§ About this task: The records below must be written out exactly, with every picture left behind.

§ Information shown:
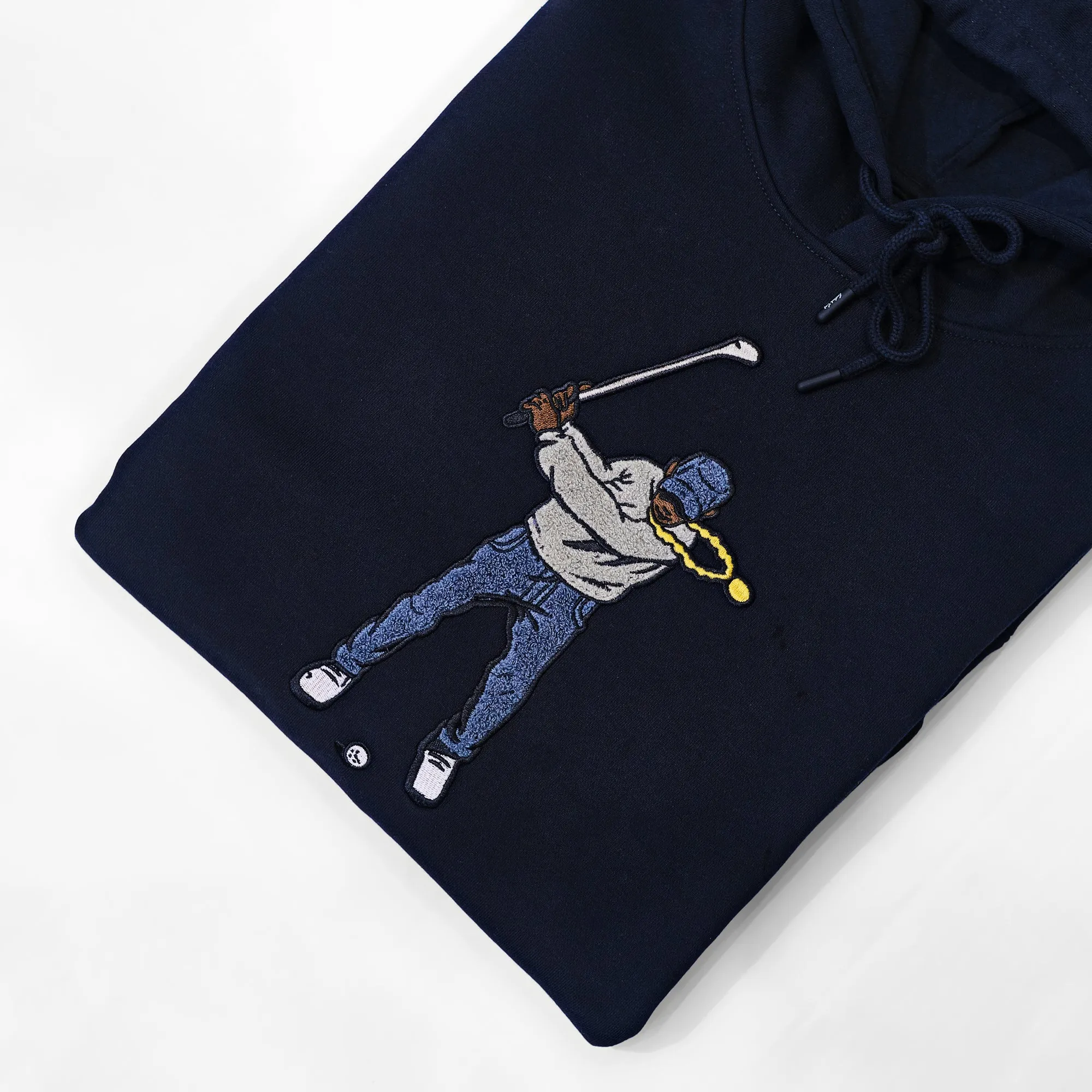 Eastside Golf Men's Core Fleece Hoodie Swingman 4 Colors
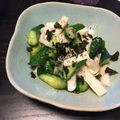 ako622's cooksnap of when they made ♡叩き長芋&きゅうりのワサビぽん酢和え♡.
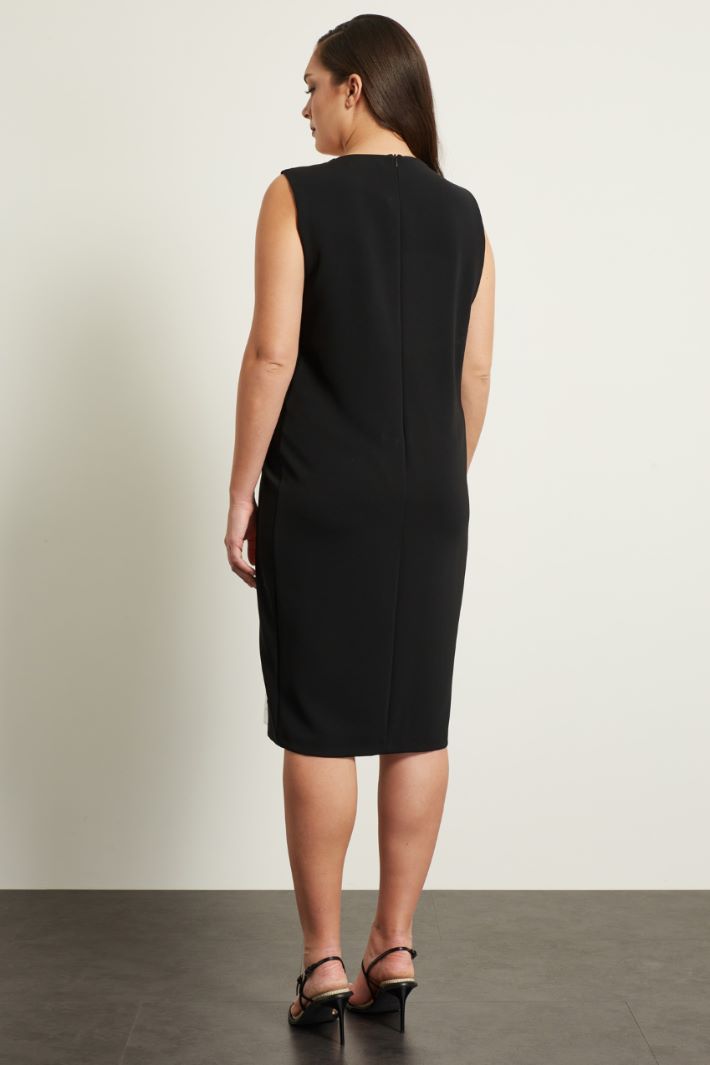 Tubino in cady stampato  Fashion Market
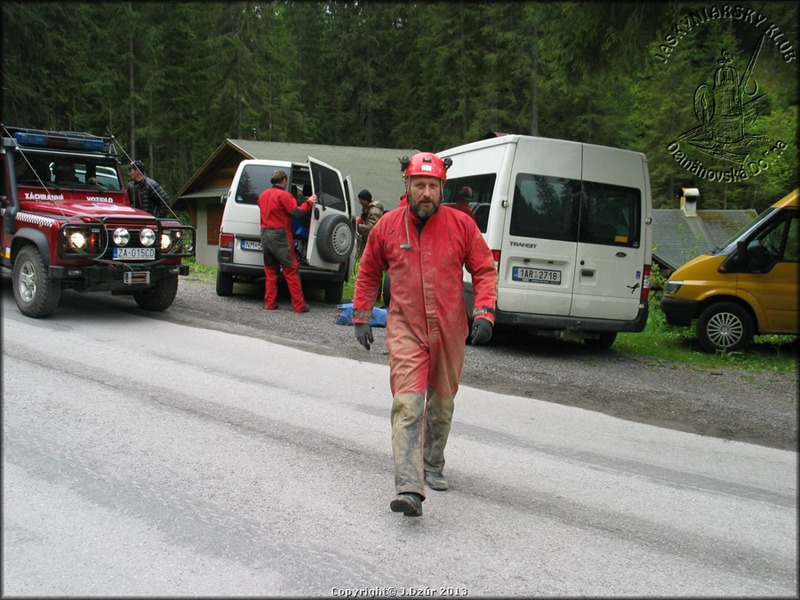 Odhodlaný náčelník Dan foto: Jano Dzúr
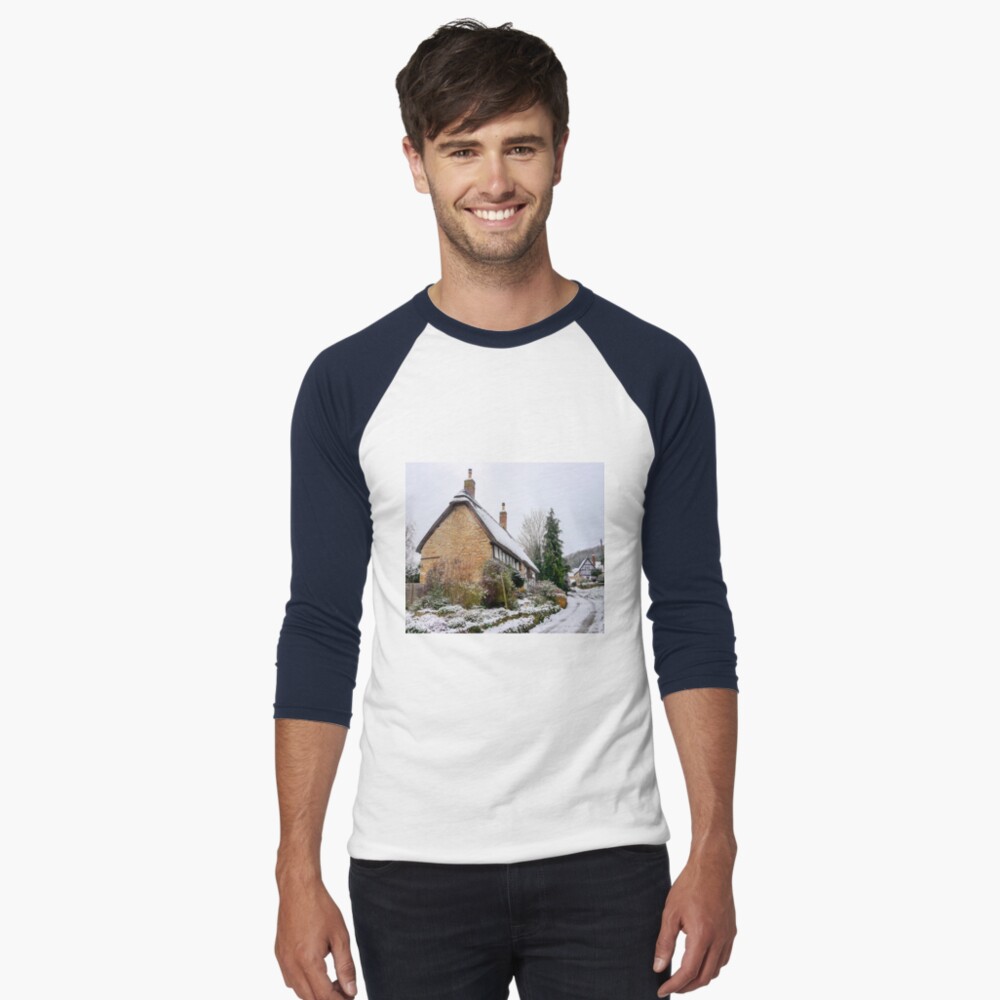 Item preview, Baseball ¾ Sleeve T-Shirt designed and sold by ScenicViewPics.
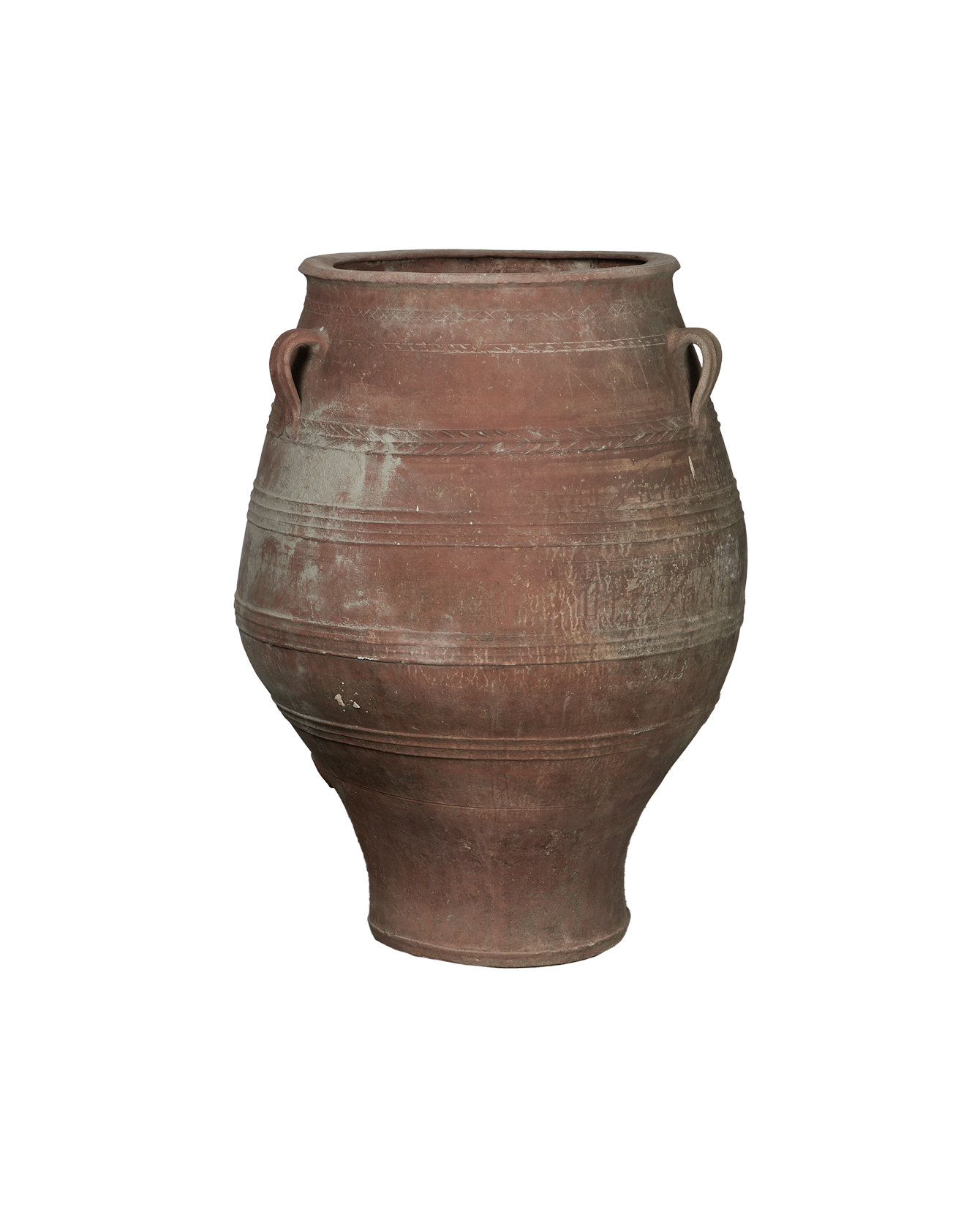 Antique Pithari Pot from Greece made of Ceramic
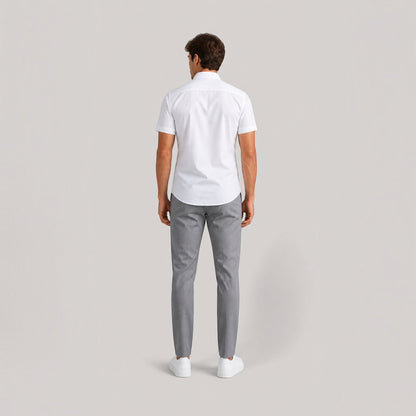 Ellmont London | Men’s Breathable Shirt Everyday Smart Casual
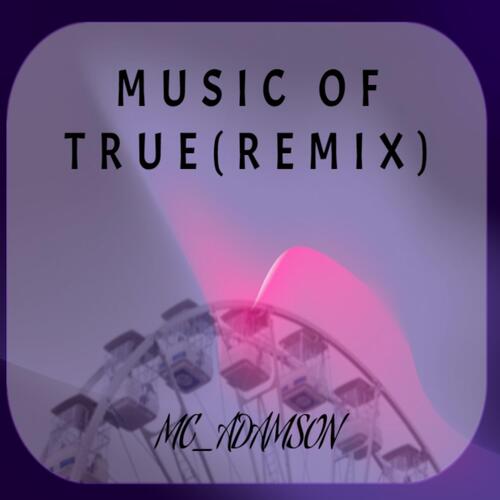 MUSIC OF TRUE (Remix) cover art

§ Solution to the problem:
 Eastside Golf Men's Core Fleece Hoodie Swingman 4 Colors
 ako622's cooksnap of when they made ♡叩き長芋&きゅうりのワサビぽん酢和え♡.
 Tubino in cady stampato  Fashion Market
 Odhodlaný náčelník Dan foto: Jano Dzúr
 Item preview, Baseball ¾ Sleeve T-Shirt designed and sold by ScenicViewPics.
 Antique Pithari Pot from Greece made of Ceramic
 Ellmont London | Men’s Breathable Shirt Everyday Smart Casual
 MUSIC OF TRUE (Remix) cover art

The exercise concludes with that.